Los Ayuntamientos con mayor sensibilidad ya hace tiempo que disponen de mecanismos para obligar a los propietarios a respetar ciertos detalles arquitectónicos específicos, como molduras, impostas u otro tipo de detalles del repertorio neoclásico. En otros casos, cuando la obra a remodelar no tiene tanta “clase” –por favor, léase bien el sarcasmo de las comillas–, en concreto la vivienda de tipología obrera, el típico edificio de los años 60 de ladrillo visto, el desastre en ocasiones es tremendo. Estas casas lastran una leyenda de construcción mal hecha cuando, en muchas ocasiones, se levantaron con mucha pericia y una economía de medios –y buenas artes de los trabajadores que las levantaron– que hoy en día es imposible de encontrar. En estos casos, las rehabilitaciones energéticas pueden llegar a desfigurar el edificio hasta convertirlo en irreconocible, y solo un prejuicio de clase explica por qué nos negamos a reconocer el valor de ciertos edificios de esa época.

Visto el problema, muchos Ayuntamientos han decidido implementar una “carta de colores” en función del barrio que nos encontremos. Y es que muchos barrios, esencialmente aquellos surgidos durante la etapa desarrollista del último tercio del siglo XX, tienen un color marcado, normalmente asociado con los tonos rojizos de los ladrillos.
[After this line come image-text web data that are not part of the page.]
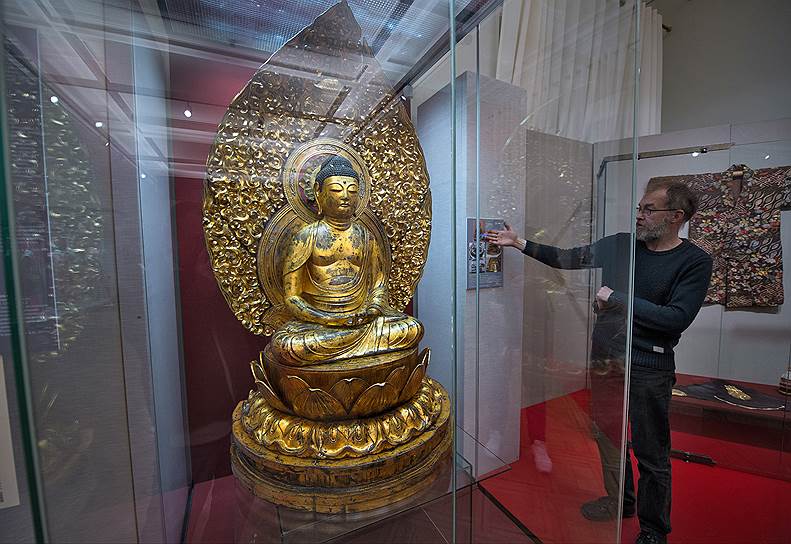 На восстановление бурятской статуи Будды ушло 2 года 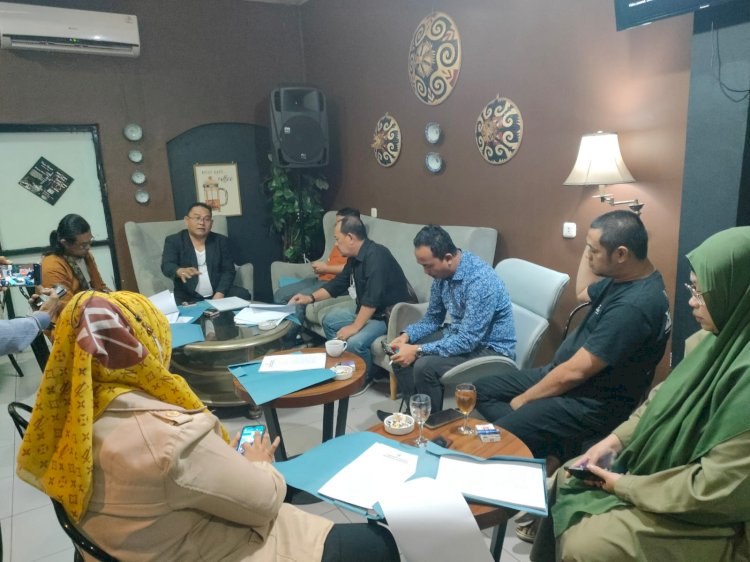 Acara diskusi bersama tentang pembentukan Dewan Pemajuan Kebudayaan Daerah Sumsel di Kopi Oncak Palembang. (ist/rmolsumsel.id)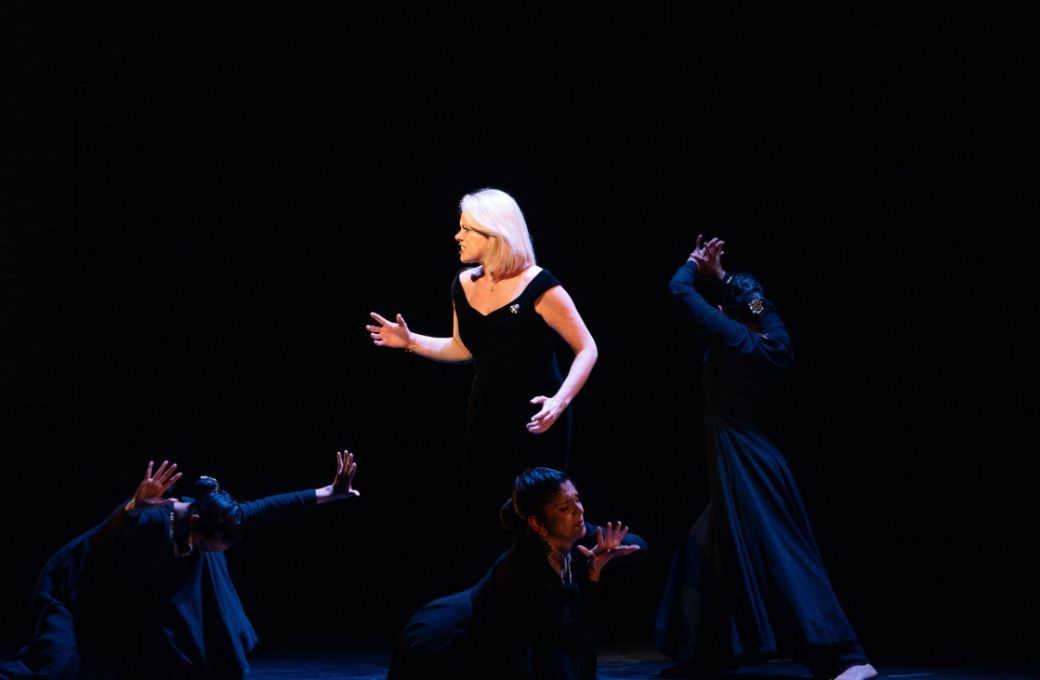 Kathryn Rudge (Sāvitri) &copy; Angus Cooke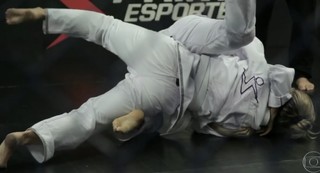 Paolla Oliveira feet photo thumbnail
Así, aunque no lo percibamos, los colores tienen mucho que ver con la percepción que adquirimos de los espacios urbanos, del poder de los símbolos, de su semiótica.

El poder de los colores aparece en su plenitud en la promoción de Comfort City, en la capital de Ucrania, Kiev. La promoción es un diseño del estudio de arquitectura e ingeniería Archimatika, con el arquitecto Dmytro Vasyliev a la cabeza. Las 40 hectáreas de terreno reparten 180 edificios de vivos colores, y esos tonos apastelados se han convertido en un potente símbolo en uno de los países europeos más inestables.

Sabido es que Ucrania es un país que se debate entre su herencia soviética y de la Europa occidental. Desde el desmantelamiento de la Unión Soviética, Ucrania ha sido escenario de dos revueltas populares, ha llegado a colocarse como el país más corrupto de Europa, y en 2018 apareció en la cola del Informe de Riqueza Mundial, por detrás de Bangladés o Nepal.

Iniciada en 2008, la promoción de Comfort Town (ciudad confort) ha creado una isla de población joven, no necesariamente acomodada, pero sí con una fuerte sensibilidad contraria al pasado soviético. En su grupo de Facebook, de más de 10.000 usuarios, es constante el llamamiento al trabajo colectivo y al cuidado de sus manzanas interiores, cerradas a los vehículos. El barrio funciona de un modo colectivo como en pocas partes de la ciudad, llegando incluso a decidir cuestiones de cuidado de zonas comunes mediante votaciones directas.

La herencia soviética. Colocado en la orilla oriental del Dniéper, una de las zonas más pobres de la capital ucrania, el conjunto aparece como una boutade que resalta sobre los bloques de viviendas prefabricadas soviéticas llamadas krushchevki. Los soviéticos potenciaron este tipo de construcción industrializada, que se extendió en todo el bloque comunista, ya fuera La Habana, Pionyang o Brazzaville. Se basaba en sistemas prefabricados de hormigón, que venían a hacer tabula rasa con lo anterior, homogeneizando la ciudad bajo los prismas de un iniciático Movimiento Moderno. Con la caída de la URSS, los edificios, que eran propiedad del estado, se vendieron a sus propietarios, y estos tuvieron que empezar a hacer frente a unos gastos y trabajos de mantenimiento, y empezaron los problemas.

En esta tesitura, el diseño de Comfort Town mantiene un lenguaje de prefabricación –que, a la postre, permite un abaratamiento de costes–, pero reconoce y pretende alejar los defectos de este tipo de herencia soviética: utiliza los balcones franceses –esto es, ventanas de suelo a techo a las que se adosa una barandilla –, moviéndolos de una planta a otra para evitar la monotonía, cambia la altura de los edificios y huye de la cubierta plana y, sobre todo, tiñe de colores los hormigones, creando una sensación única que nos habla de la ruptura de una sociedad con un pasado y una arquitectura determinada.